Bayangkan, ia sudah terusir dari keluarga besarnya, ia kini terusir dari keluarga kecilnya, apakah ada kesempatan kedua bisa ia memutuskan kembali ke keluarga besarnya? Ia pulang sama sekali bukan untuk iman. Ia pulang hanya untuk keluarganya. Apakah itu akan menjamin ia tak terusir lagui, baik secara fisik maupun batin? Bayangkan, ia dari minoritas, masuk ke mayoritas, lalu dengan serpihan hati, memohon kembali masuk ke minoritas, dan ternyata tetap tertekan. Begitulah hidup, pahit. Akankah pengorbanannya membuah hasil manis di kesempatan kedua ini?

Agama, atau keyakinan. Merupakan basis kuat yang menyatukan orang-orang, selain cinta, politik, hingga fanatisme sejenis. Agama, karena itulah seharusnya menguatkan. Mereka yang tak punya ikatan darah tapi menjadi keluarga karena ikatan iman.
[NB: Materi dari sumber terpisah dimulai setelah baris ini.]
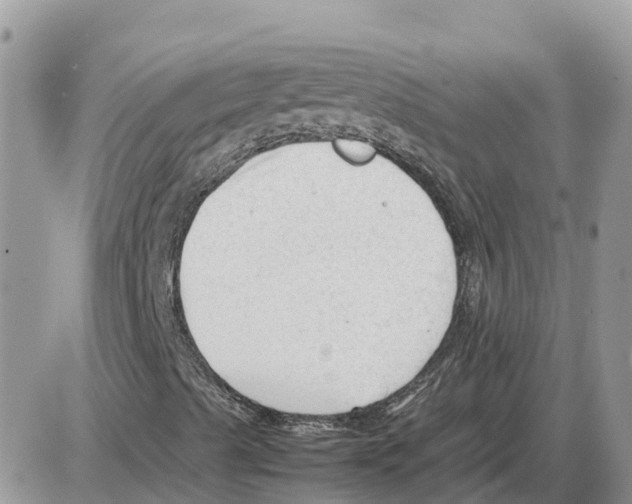 X0000086061489200704202047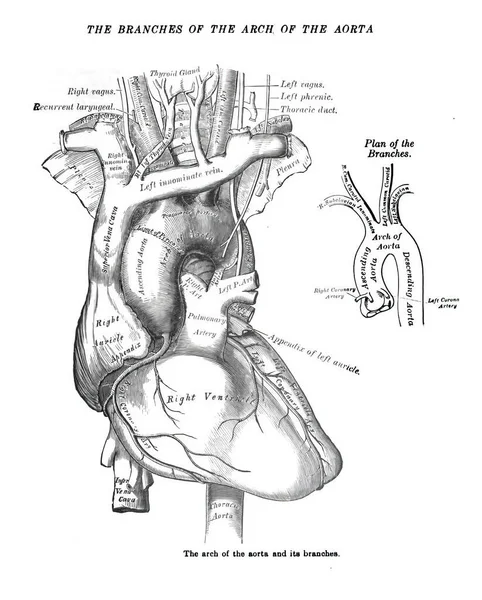 Een Structuur Van Een Menselijk Hart Uit Een Atlas Van — Stockfoto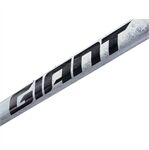 Khung xe đạp Giant TCR Advanced SL Frame And Fork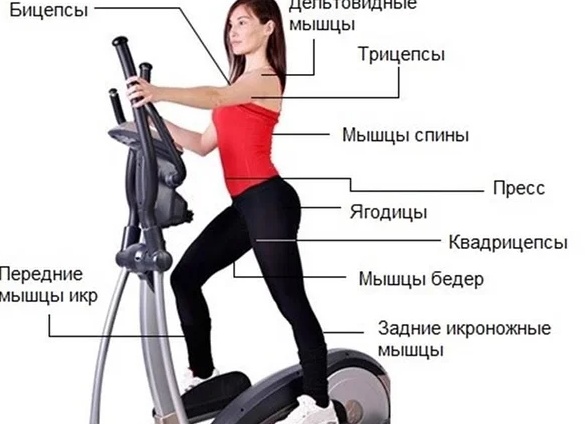 Эллиптический тренажер, польза или вред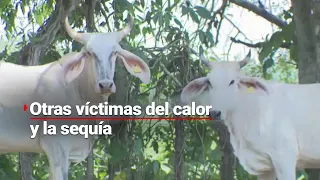 ¡Es un infierno! La sequía y el CALOR están matando al ganado en VERACRUZ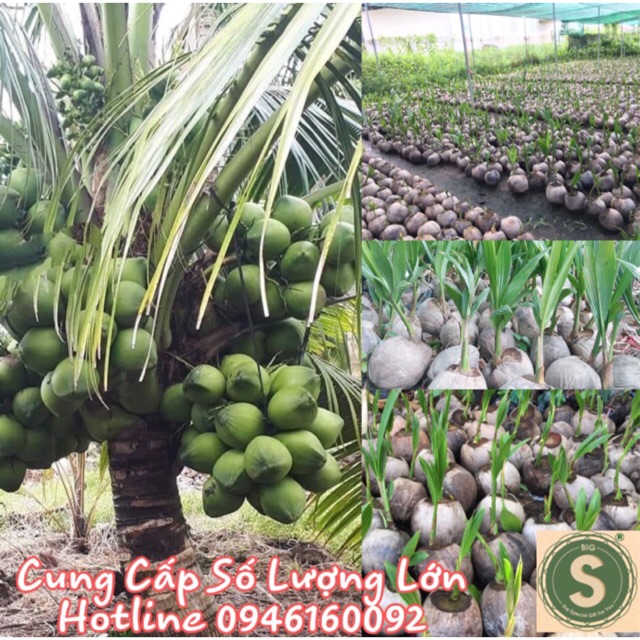 Cây Giống Dừa Dứa Siêu Thơm Nguyên Chủng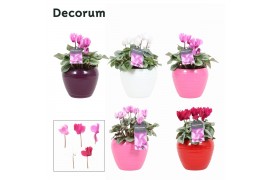 Cyclamen Magical Feelings - Melanie keramiek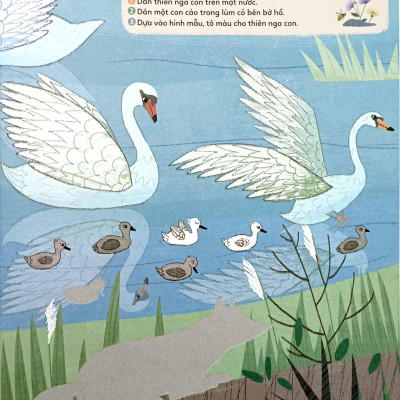 Sticker Bước Vào Thế Giới Thiên Nhiên Kỳ Thú - Tập 2 - Muôn Vàn Các Loài Chim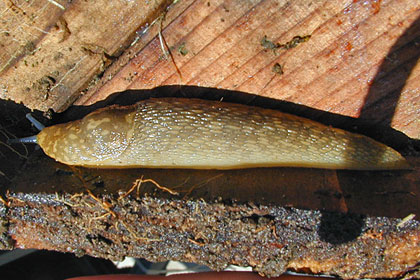 Slug Picture @ Kiwifoto.com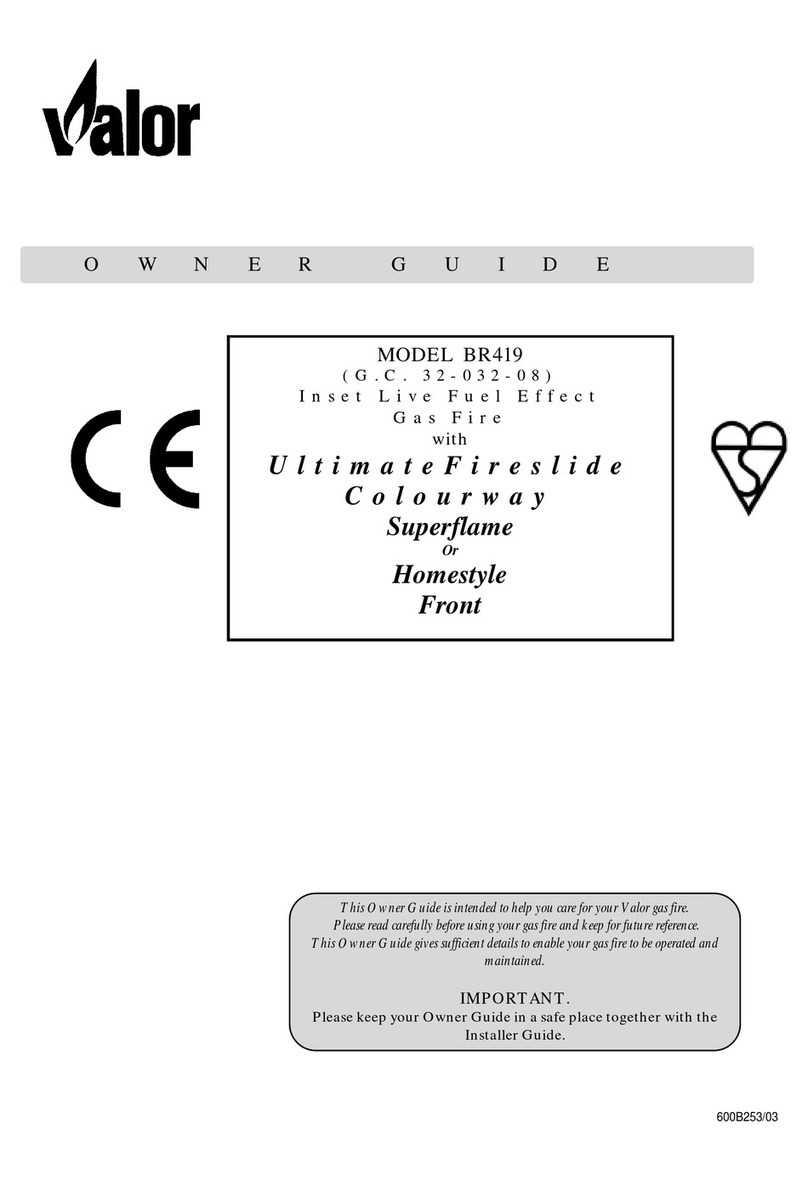 Valor Wonderfire BR419 User manual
Semuanya sudah seperti menempel dalam alam bawah sadar. Ibadah dan pengajian tidak lagi sekadar kebiasaan dan kewajiban, tapi juga kebutuhan. “Yang namanya keyakinan memang tak bisa dijelaskan. Ia akan datang sendiri tanpa harus punya alasan.”

Ada beberapa pertanyaan ironis dilontarkan. Seperti, “Apa ada laki-laki baik-baik yang mau menikahi janda?” Seolah kesalahan di masa lalu itu sulit dihapuskan, menjadi bayang-bayang perempuan. Atau tentang rumah yang jadi pijakan keluarga itu, terusir. “Rumah itu milik kakekku. Dibangun dengan uangnya sendiri. Tanahnya warisan dari buyut-buyutku. Lalu diwariskan ke bapakku…” atau tentang kepercayaan, “Namanya orang sudah percaya, semakin susah semakin yakin kalau benar.”
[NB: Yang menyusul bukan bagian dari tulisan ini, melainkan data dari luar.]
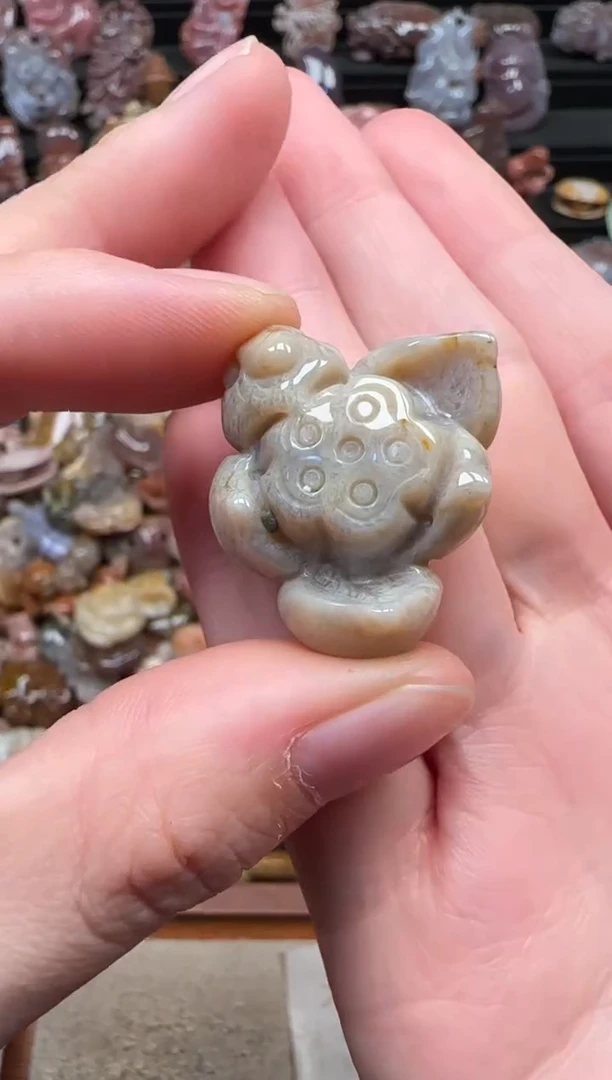 颈饰未镶嵌硅化珊瑚（珊瑚玉）502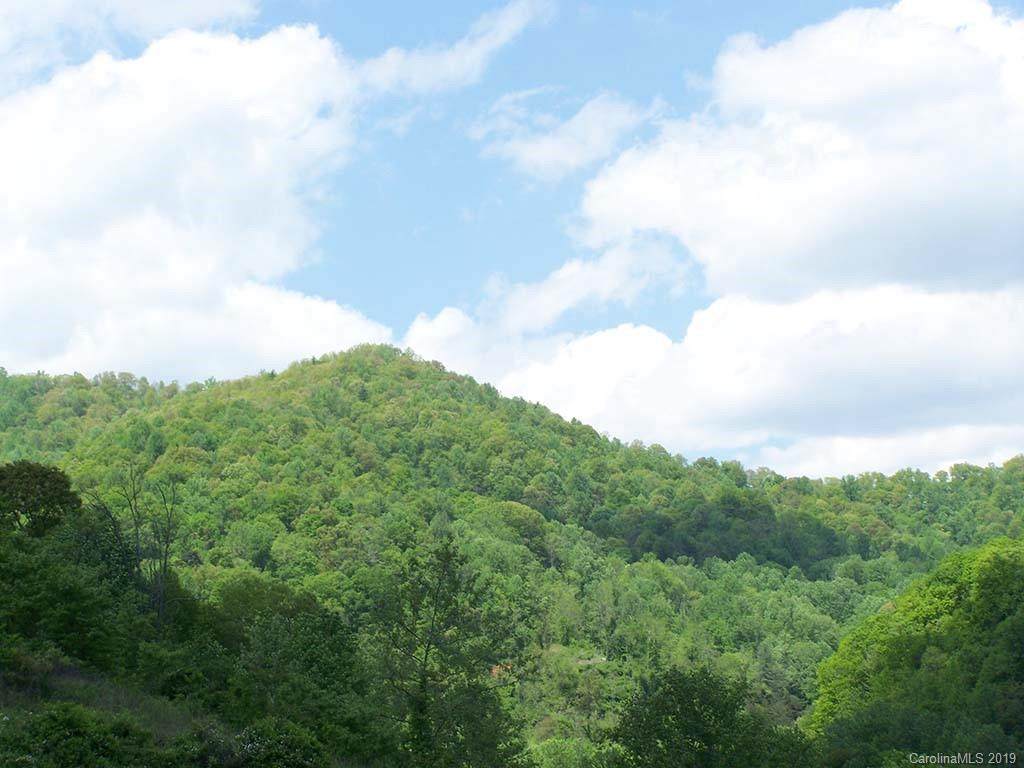 000 Smoke Vine Lane - Photo 1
Dan betapa seramnya, saat menyadari bahwa kepahitan yang dirasa ternyata tak seberapa, setelah tahu ada kepahitan lain yang harus ditangani. “Maryam kini tahu, apa yang telah dilakukannya, segala yang yelah dialaminya, tak berarti apa-apa dibandingkan dengan segala hal yang telah dialami keluarganya. Pengusiran, penghinaan, pengucilan, segala macam penderitaan yang tak pernah Maryam bayangkan.” Dan seberapa kuat sih kita menahan gempuran eksternal? “Kita pertahankan yang tersisa ini. ini rumah kita!”

Jodoh, mati, rejeki itu sudah ada yang atur. Namun dalam keluarga, ada syarat wajib dalam memilih jodoh. “Yakni, ikhlas, setia, dan Ahmadi.” Lihat, mau mayoritas atau minoritas, mau Kristen, Buddha, atau kepercayaan lain. Seagama selalu jadi syarat, saat meminta restu orangtua. Dan itu wajar saja.
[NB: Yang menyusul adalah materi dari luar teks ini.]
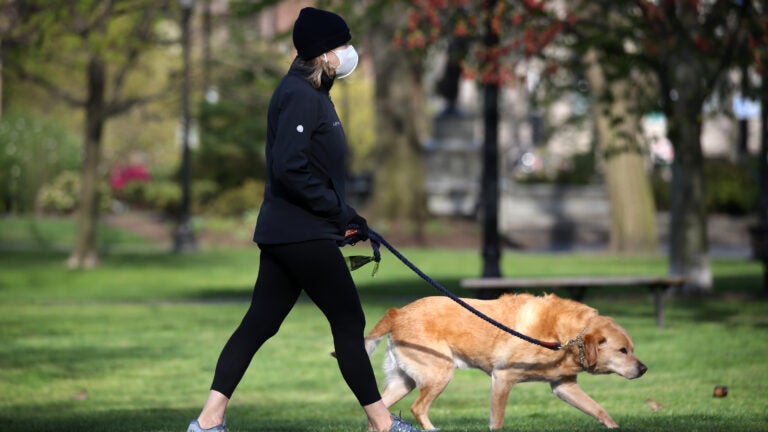 A woman walks her dog in Boston.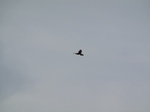 SX20984 Kestrel (Falco tinnunculus).jpg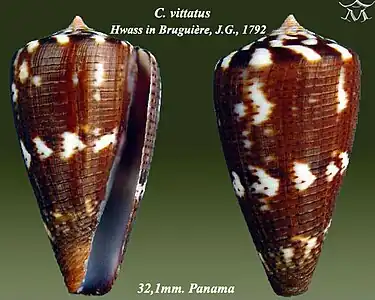 Conus vittatus Hwass in Bruguière, J.G., 1792.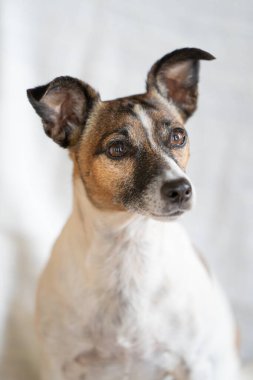 Kahverengi, siyah ve beyaz yaşlı Jack Russell Terrier sandalyede, yarı vücut..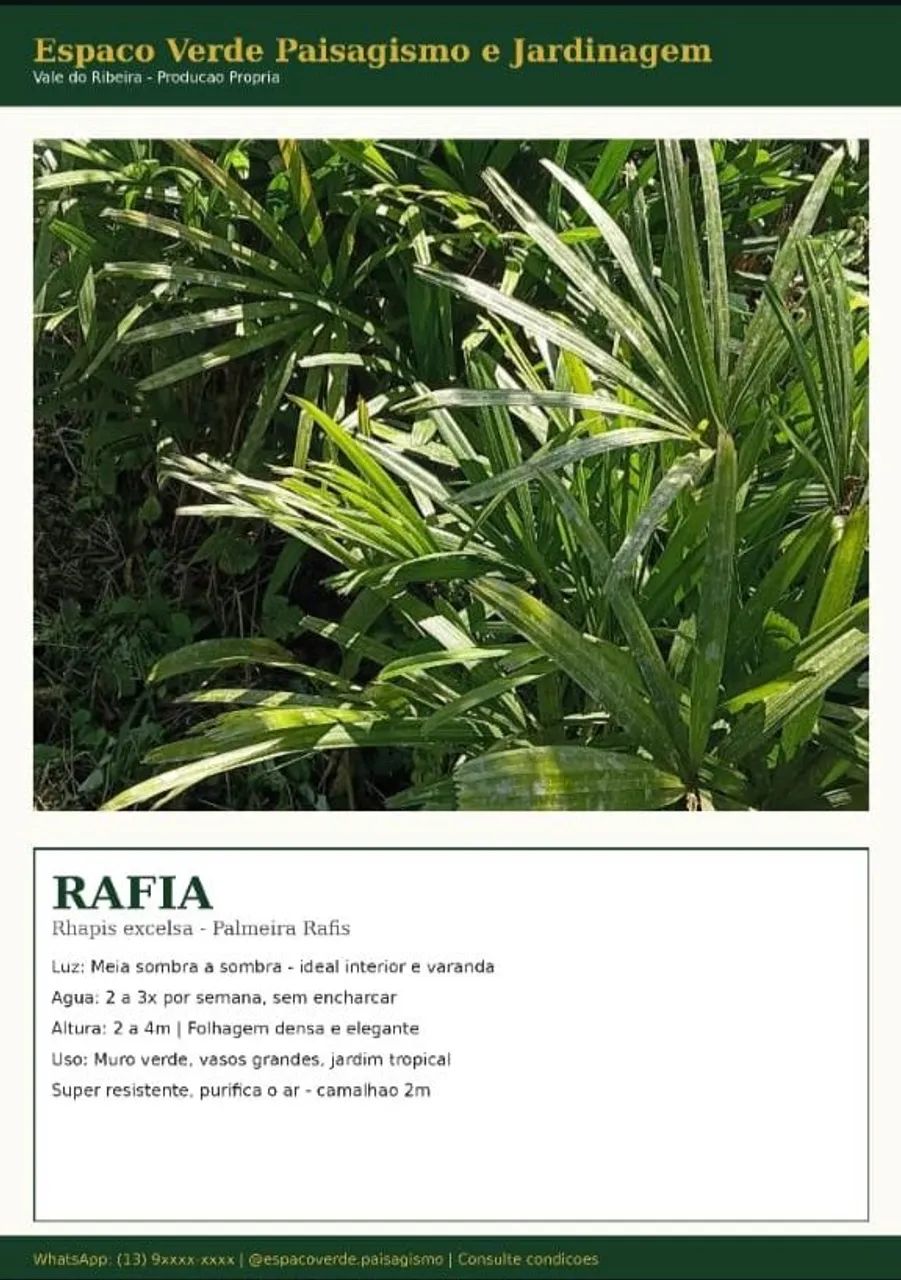Jardineiro e jardinagem  - Foto 4
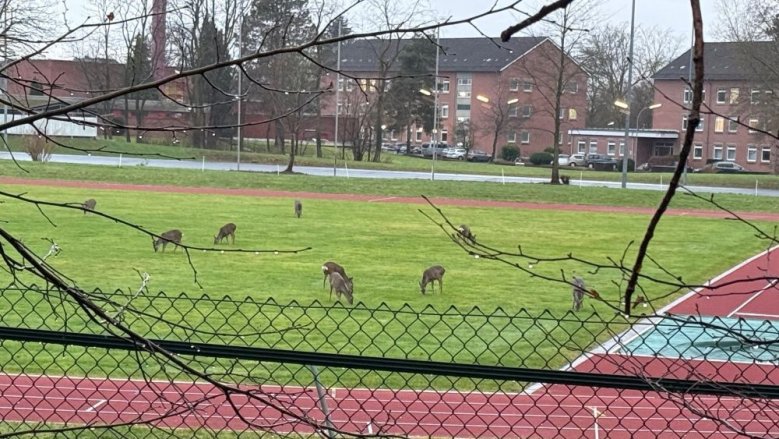 Rehe Rehe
Ini adalah buku prosa ke 11 yang kubaca dan ulas dari Pemenang Kusala Sastra Khatulistiwa. Saya ikuti penuh sejak era Kura-kura Berjanggut hingga kini, dan mencoba membacai buku-buku pemenang lama. Tahun 2010, tersisa dua. Di era digital, rasanya mengejar baca buku-buku tampak realitis sekali, mudah didapat, asal ada waktu dan uang bujet saja. Beruntung, tahun 2018 saya menemukan buku ini di tumpukan buku yang ditaruh di Carefour Karawang. Kualitas Maryam ada di tengah-tengah, tak buruk tak juga istimewa. Tetap memenuhi harap, seperti Isinga misalnya. Buku kedua Okky yang saya baca setelah buku non-fiksinya. Hanya masalah waktu mengejari buku lainnya.

“Keteraturan dalam kesemrawutan. Ketenangan dalam kegelisahan. Kepasrahan dalam kemarahan. Kebahagiaan dalam kesedihan. Itulah yang sedang mereka bangun sekarang. Dalam hati masing-masing, juga dalam keseharian yang dijalani bersama-sama.”

Maryam | by Okky Madasari | GM 401 01 12 0009 | Penerbit Gramedia Pustaka Utama | Ilustrasi sampul Restu Ratnaningtyas | Desain sampul Marcel A.W. | Jakarta, 2012 | Cetakan ketiga: April 2016 | ISBN 978-979-22-8009-8 | 280 hlm; 20 cm | Skor: 4/5

Untuk mereka yang terusir karena iman

Karawang, 290622 – Tasya – Apakah Arti Puasa?